Interpreting test result in Mida report

Created by LiRou C, Modified on Thu, 12 Dec, 2024 at 2:23 PM by LiRou C

Mida employs a sequential testing methodology powered by a frequentist statistical engine - a robust approach to A/B testing that offers several key advantages for decision-making.

What is Sequential Testing?

Unlike traditional fixed-horizon testing that requires a predetermined sample size, sequential testing allows for continuous monitoring of results as data accumulates. This means you can:

Check results at any time during the test
Stop the test early when clear winners or losers emerge
Continue collecting data when results are inconclusive
Maintain statistical validity throughout the monitoring process

The Frequentist Framework:

Mida's statistical engine is built on frequentist principles, which:

Calculates the probability of observing the test results if there were truly no difference between variants
Controls the false positive rate (Type I error) at your chosen significance level (typically 95%)
Provides confidence intervals to show the range of likely true effect sizes
Makes no assumptions about prior probabilities, relying purely on observed data

This combination of sequential testing and frequentist statistics ensures:

Efficient resource use by enabling early stopping when appropriate
Protection against false conclusions through rigorous statistical controls
Clear, interpretable results based on observed data
Flexible monitoring without compromising statistical validity

Test Result Cases:

Case 1: Clear Winner

Green: This shows a winning variant. Given that the required confidence level is 95%, this test result is considered statistically significant because the statistical significance value of 99.71% surpasses the required threshold of 95%. Statistical significance refers to the probability that the differences observed in the test are not due to chance. In this context, a 99.71% statistical significance means that there is a less than 0.3% likelihood that the results occurred by chance. And, with an improvement of 233.04%, this is a meaningful lift.

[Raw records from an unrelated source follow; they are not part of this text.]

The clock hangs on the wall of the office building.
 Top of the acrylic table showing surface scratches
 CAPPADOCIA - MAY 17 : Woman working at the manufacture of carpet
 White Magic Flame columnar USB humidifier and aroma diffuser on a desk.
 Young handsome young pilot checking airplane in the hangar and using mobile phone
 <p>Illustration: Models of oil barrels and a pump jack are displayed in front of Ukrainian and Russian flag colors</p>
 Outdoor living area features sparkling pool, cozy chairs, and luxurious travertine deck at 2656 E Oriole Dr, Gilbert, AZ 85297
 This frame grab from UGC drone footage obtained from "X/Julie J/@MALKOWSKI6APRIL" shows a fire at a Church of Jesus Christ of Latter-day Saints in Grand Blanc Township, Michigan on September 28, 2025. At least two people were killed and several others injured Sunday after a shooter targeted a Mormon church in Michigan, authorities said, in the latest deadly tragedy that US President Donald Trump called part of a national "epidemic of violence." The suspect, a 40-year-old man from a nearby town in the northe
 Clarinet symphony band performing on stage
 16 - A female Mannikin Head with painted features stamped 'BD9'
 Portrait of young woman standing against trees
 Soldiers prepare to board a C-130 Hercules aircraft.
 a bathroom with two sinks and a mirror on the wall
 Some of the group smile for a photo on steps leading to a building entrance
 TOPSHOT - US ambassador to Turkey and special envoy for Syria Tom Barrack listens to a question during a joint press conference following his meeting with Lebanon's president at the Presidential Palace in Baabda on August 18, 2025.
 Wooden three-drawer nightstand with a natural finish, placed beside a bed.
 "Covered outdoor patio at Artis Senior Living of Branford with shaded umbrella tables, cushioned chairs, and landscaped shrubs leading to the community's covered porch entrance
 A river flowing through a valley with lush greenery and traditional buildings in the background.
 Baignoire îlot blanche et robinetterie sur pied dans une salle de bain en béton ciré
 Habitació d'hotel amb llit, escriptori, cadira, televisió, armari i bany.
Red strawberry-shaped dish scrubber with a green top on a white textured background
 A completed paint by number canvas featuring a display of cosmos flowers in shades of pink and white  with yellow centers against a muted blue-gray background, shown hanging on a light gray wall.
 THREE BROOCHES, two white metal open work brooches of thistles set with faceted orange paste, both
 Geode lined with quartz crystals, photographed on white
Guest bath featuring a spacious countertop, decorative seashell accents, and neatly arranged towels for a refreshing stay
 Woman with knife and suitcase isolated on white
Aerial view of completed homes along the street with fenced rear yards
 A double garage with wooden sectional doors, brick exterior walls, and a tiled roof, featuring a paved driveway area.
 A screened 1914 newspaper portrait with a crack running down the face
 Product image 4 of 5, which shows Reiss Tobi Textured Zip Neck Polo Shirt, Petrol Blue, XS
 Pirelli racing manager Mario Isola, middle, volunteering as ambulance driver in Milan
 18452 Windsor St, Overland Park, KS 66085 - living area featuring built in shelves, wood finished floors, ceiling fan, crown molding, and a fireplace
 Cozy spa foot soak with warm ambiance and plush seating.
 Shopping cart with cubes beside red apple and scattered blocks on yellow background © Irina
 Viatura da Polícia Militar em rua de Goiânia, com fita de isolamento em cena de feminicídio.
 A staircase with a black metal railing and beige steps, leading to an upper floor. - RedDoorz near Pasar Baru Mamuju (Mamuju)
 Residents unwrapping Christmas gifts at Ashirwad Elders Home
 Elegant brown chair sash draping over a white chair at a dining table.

Next, look at the confidence interval of the difference of means. The confidence interval provides the range of expected lift values, at the 95% confidence level. In other words, the lower bound is the “worst case” scenario of possible lift and the upper bound is the “best case” scenario. Here, you see a range from 0.44% to 1.32%. Since both numbers show a good increase compared to the Control CR (0.26%), you can feel confident about the change.

Case 2: Clear Loser

Red: This shows a losing variant. Given that the required confidence level is 90%, then the statistical significance of the losing variant should ideally be less than 10% (100%-90%). The statistical significance value of Variant 1 is 6.71% which implies that the observed difference occurred due to randomness is roughly 6.71%, a figure that is below the required threshold of 10%. In other words, you can be (100 - 6.71) = 93.29% confident that the losing variant, Variant 1, is indeed inferior to the winning variant, Control.

Looking at the confidence interval, we see a range from 4.69% to 5.29% Conversion Rate (CR). In simpler terms, 4.69% represent the “worst case” scenario, and 5.29% represent the “best case” scenario of Variant 1's performance. Since both values are below the 5.38% CR of Control, you can be confident that the Control is the winner.

Case 3: Inconclusive Result

Gray: This indicates that the test doesn't have definitive results and hasn't reached statistical significance yet. Depending on what you're trying to achieve with your experiment, here are some options you may want to consider:

1. Let It Run Longer: In some instances, you might need to allow the experiment more time to gather a larger sample size and achieve more accurate results.

2. Simplify Variations: If you have too many variations, consider reducing them. For instance, you might bring four variations down to just two or three.

3. Prioritize Brand Consistency: If the results are similar between two variations, choose the one that aligns best with your brand's guidelines.

4. Repeat the Test: Running the same test again can be beneficial for confirming your initial findings. Keep in mind that factors like the time of the year, or fluctuations in website traffic, may affect the end results.

5. Keep It As Is: Occasionally, your original design or strategy may not need any changes and is the most suitable version.